Don’t Just Halloween—Apolloween!

The historic Apollo Civic Theatre in Martinsburg makes a whole spooky month of it.


A menacing grin to chill your blood, a wail creepier than your childhood nightmares—set actors loose in their own “extremely haunted” hundred-year-old theater and they’ll create the most hair-raising Halloween around. “This is not your regular haunted house,” says Jenifer Roberts, who not only directs Apolloween at Martinsburg’s Apollo Civic Theatre but has had her own eerie experiences there. “We use the whole theater, with children performing skits in each area based
on horror movie themes.”

The 1914 Apollo Theatre served as a social and cultural hub for the Eastern Panhandle, hosting traveling Vaudeville shows and, upstairs, dances and graduation parties. As Vaudeville declined the theater became mainly a moviehouse and, over the decades, fell into disrepair. Before it was too far gone, though, the community rallied. Live performance returned to the stage in 1973, and the building was listed on the National Register of Historic Places. It has since served as a set for historical films and hosts everything from weddings to political debates to live music. Its community theater group presents six live productions each year.

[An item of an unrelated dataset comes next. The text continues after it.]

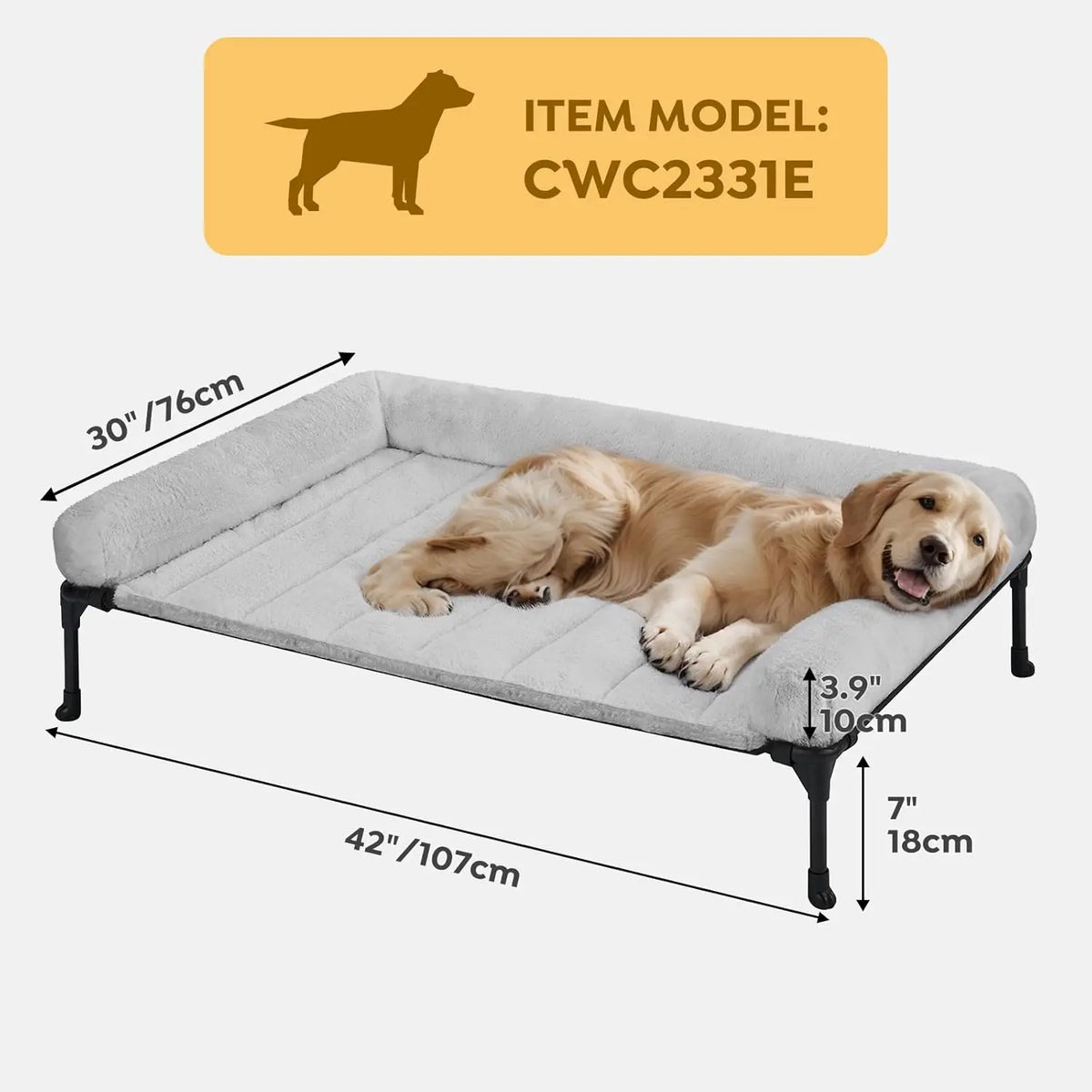 Elevated Orthopedic Dog Bed with Plush Bolster, Large Pet Sofa Cot, Removable Washable Mat, Non-Slip Feet, Grey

But it takes a six-figure budget to run a century-old venue, and the Haunted Theatre fundraiser of the 1980s has grown into a monthlong celebration of the macabre. With thousands of thrill-seekers attending each year, Apolloween brings in nearly 10 percent of the theater’s revenue.

Apolloween’s exuberance goes far beyond the Haunted Theatre. If spooky skits in dark dressing rooms aren’t your style, try a shadowcast showing of the campy Rocky Horror Picture Show—just $3 for an audience participation kit. “It’s always fun when we end the performance and people walk out onto the street in their costumes,” Jenifer says. Prefer ghost hunting? “Paranormal groups come all the time, but during Apolloween, we take groups up to 25 people from midnight to about 4 a.m. through the building with the lights off and they try to detect paranormal activity with cameras and audio recorders.”

Or join the dancing dead at this year’s first-ever Zombie Prom. “People will come dressed as zombies and we’ll have a live DJ, and there’ll be prizes awarded for costumes and various things,” Jenifer says.